▶ _Excerpts from a dataset_:
+++
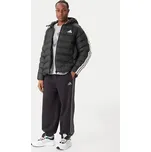 adidas Zimní bunda Essentials Climawarm 3-Stripes JM8355 Černá Regular Fit L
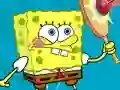 لعبة Table Tennis Spongebob على الانترنت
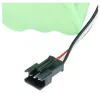 vhbw Akku kompatibel mit Tivoli Audio PAL+ BT digital Radio Produktbild-Vorschau 6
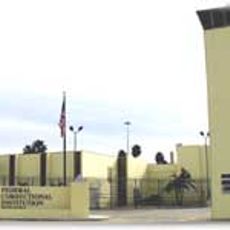 Federal Correctional Institution, Terminal Island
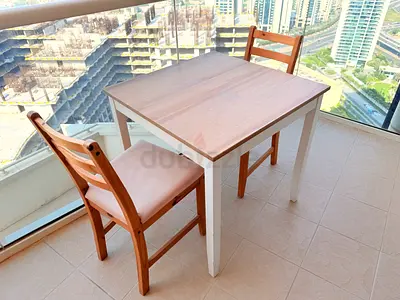 2 seater table - Outdoor/Dining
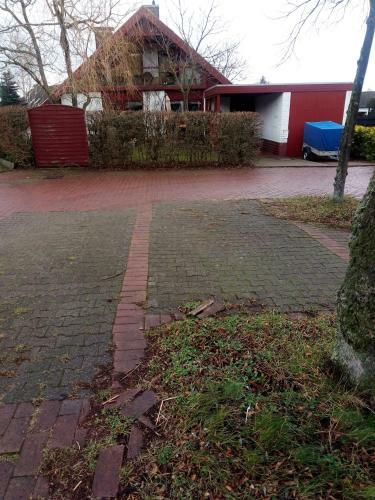 Apartamento Ohne Sorgen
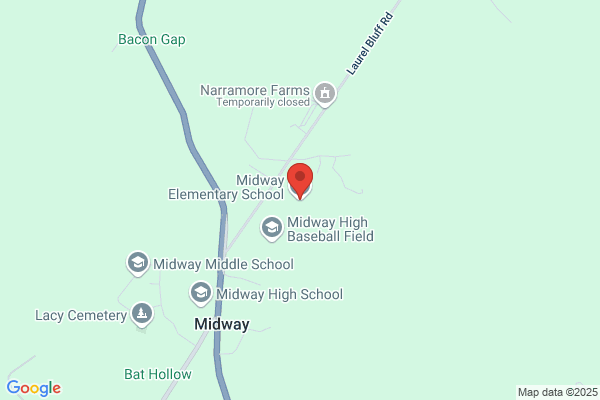 Midway Before & After School Program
+++
▶ _How to complete this task_:
The lines to copy run from the line containing "Federal Correctional Institution, Terminal" through the end of the data above; copy exactly those, minus the pictures.

▶ _Solution for this exercise_:
 Federal Correctional Institution, Terminal Island
 2 seater table - Outdoor/Dining
 Apartamento Ohne Sorgen
 Midway Before & After School Program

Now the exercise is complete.